I’m no expert when it comes to beauty pageants, so I might have this wrong. But it appears that the title of "Miss Alabama" – and perhaps those of the supreme unmarried females of other states – is conferred in secret upon unwitting young women, without their knowledge, participation or consent. I think this stealthy distinction must be awarded entirely on grounds of intellect . . . or perhaps the ability to weld different metals . . . or maybe to lift very heavy things . . . or randomly. Honestly, I don’t know. But, whatever the standards, this honor is meant to be a very private one and is clearly not bestowed with any regard whatsoever to the recipient's physical appearance.

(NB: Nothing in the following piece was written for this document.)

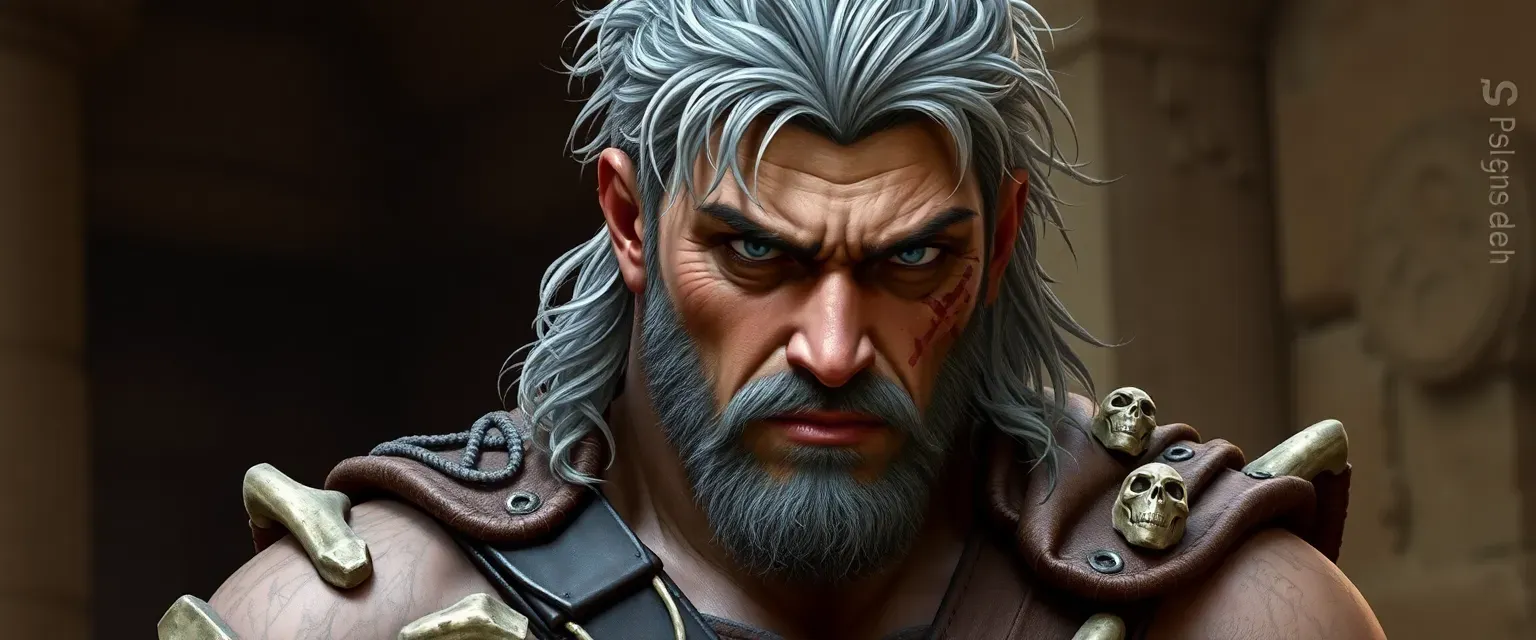 Late 30s gladiator with gray-streaked hair, scarred, muscular; wears bone-adorned leather armor.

As I said, I’m no expert. I know even less about Miss Alabama and how she got to be that way than I know about how Justin Bieber got to be Justin Bieber. But I’m able to conclude all the foregoing based on something I learned this week: pointing out the presence of Ms. Alabama at a University of Alabama football game, and then commenting that she is “lovely,” is an unspeakable invasion of her privacy and a profound affront to her dignity. If you can bear to watch so gross a violation of decent, there is video evidence of Brent Musberger's heinous assault. Be warned, though. It's pretty awful.
Now do not be fooled by the fact that the young woman in question claims not only not to have taken offense, but to have been both flattered and thrilled by the attention, from which she plans to profit. Clearly the young woman is suffering from some kind of post traumatic disruption of her faculties.* Those who know better than she what is good for her wasted no time in taking up her cause and defending her – whether she wished them to or not.
Perhaps the most fearless guardian of good was the one who pointed out that the offending sportscaster’s comment was not only “creepy,” but – gasp – heteronormative. I didn't know Mrs. Grundy had gone back to school for a post-graduate degree in gender liberation studies, but I, for one, am glad she did.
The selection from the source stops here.